Output the line containing "Copas Silver Buffalo" and each line after it through the end of the data, exactly as written, with pictures left out.

Supplied data Block Start

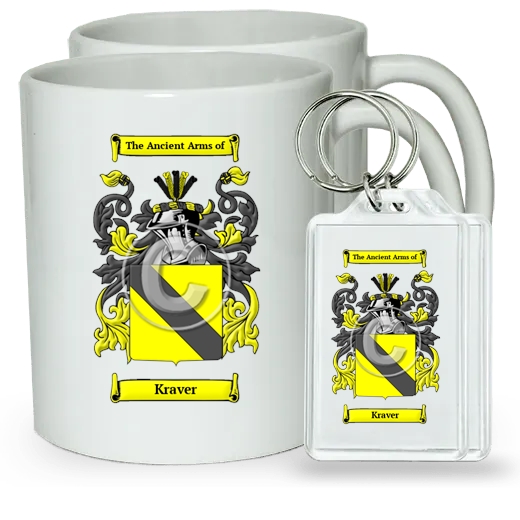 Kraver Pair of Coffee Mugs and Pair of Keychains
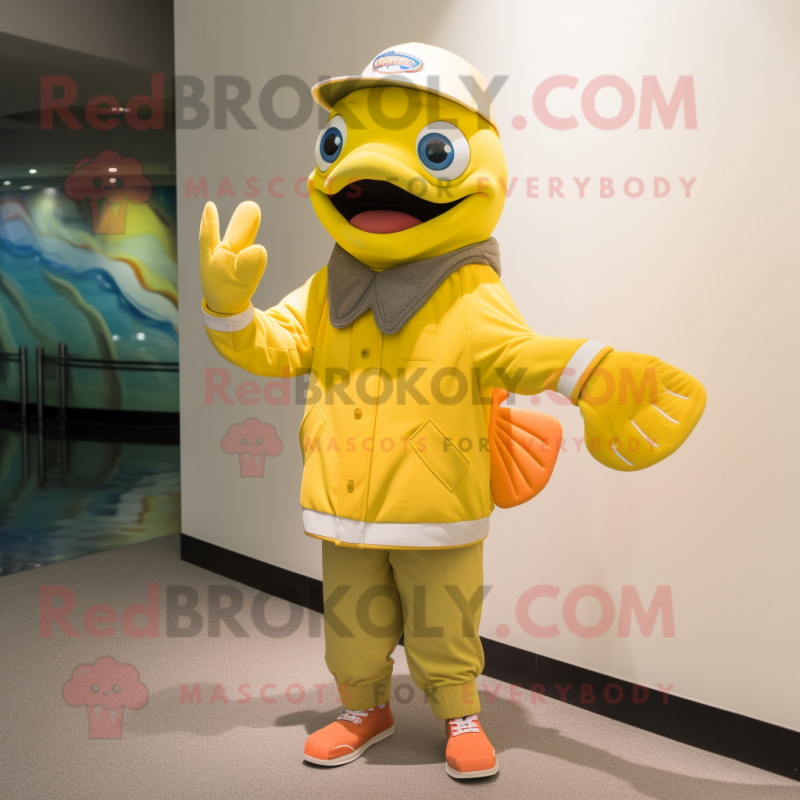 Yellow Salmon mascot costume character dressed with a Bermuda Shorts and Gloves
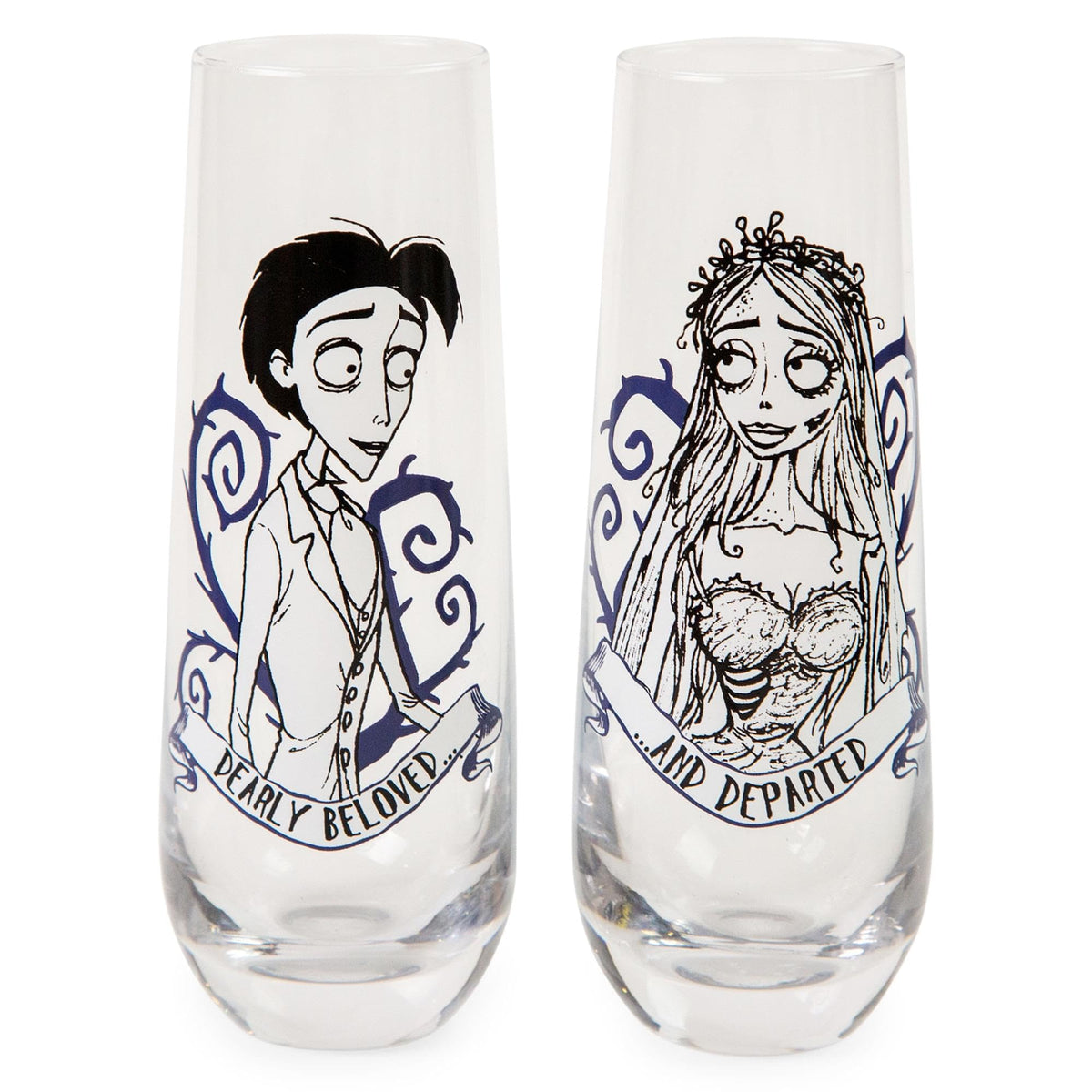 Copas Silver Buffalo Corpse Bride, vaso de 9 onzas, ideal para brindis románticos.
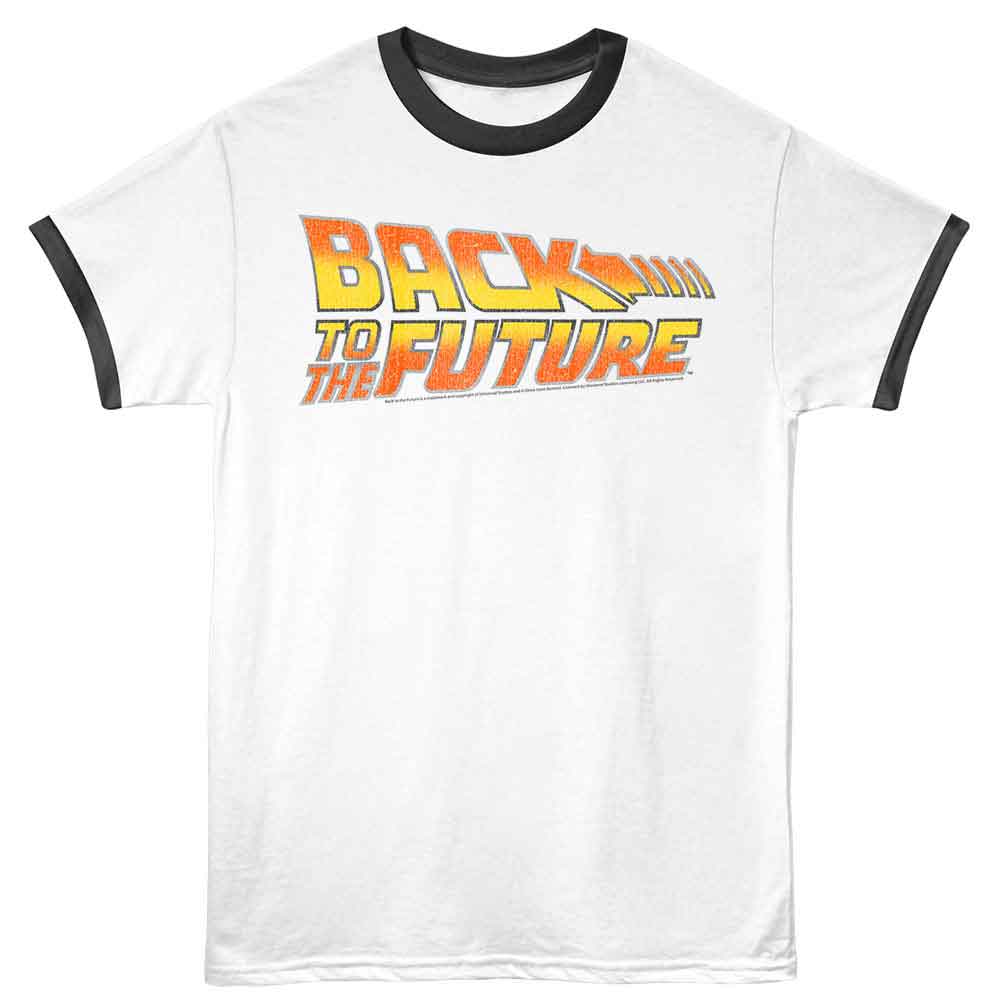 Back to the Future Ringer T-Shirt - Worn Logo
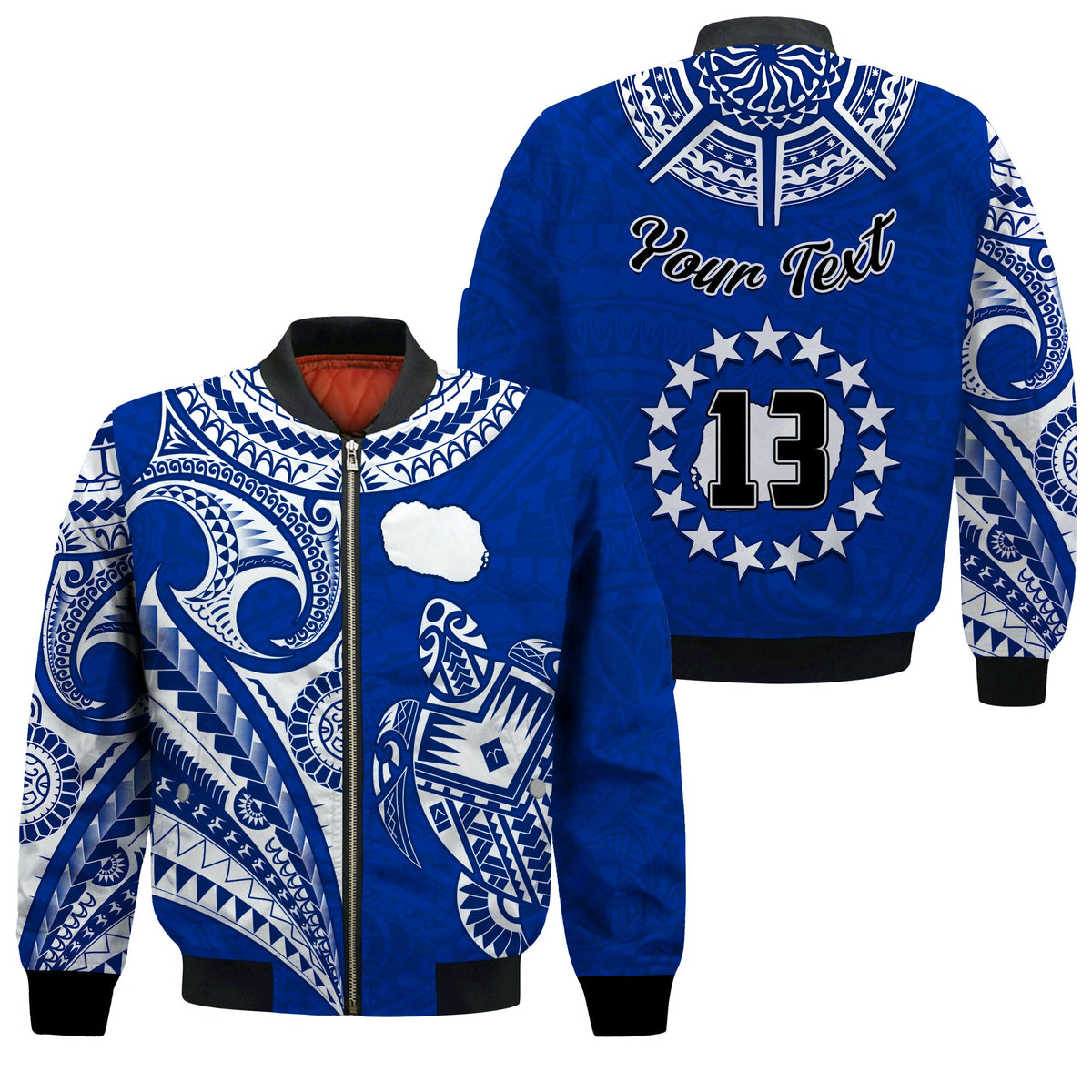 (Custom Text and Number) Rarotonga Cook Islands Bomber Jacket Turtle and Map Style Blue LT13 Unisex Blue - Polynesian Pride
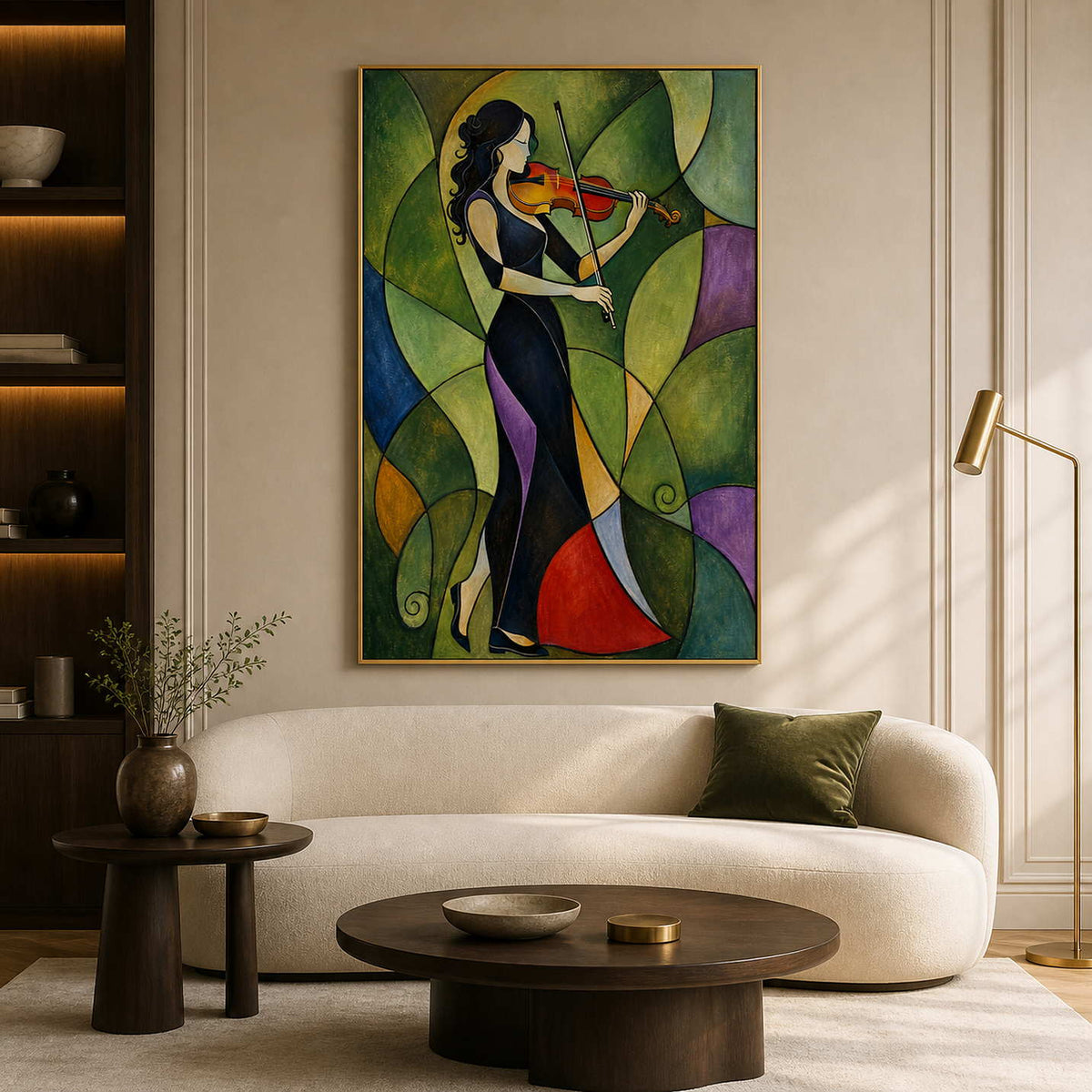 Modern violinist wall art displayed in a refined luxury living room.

Supplied data Block End

▶ **Answer space**
 Copas Silver Buffalo Corpse Bride, vaso de 9 onzas, ideal para brindis románticos.
 Back to the Future Ringer T-Shirt - Worn Logo
 (Custom Text and Number) Rarotonga Cook Islands Bomber Jacket Turtle and Map Style Blue LT13 Unisex Blue - Polynesian Pride
 Modern violinist wall art displayed in a refined luxury living room.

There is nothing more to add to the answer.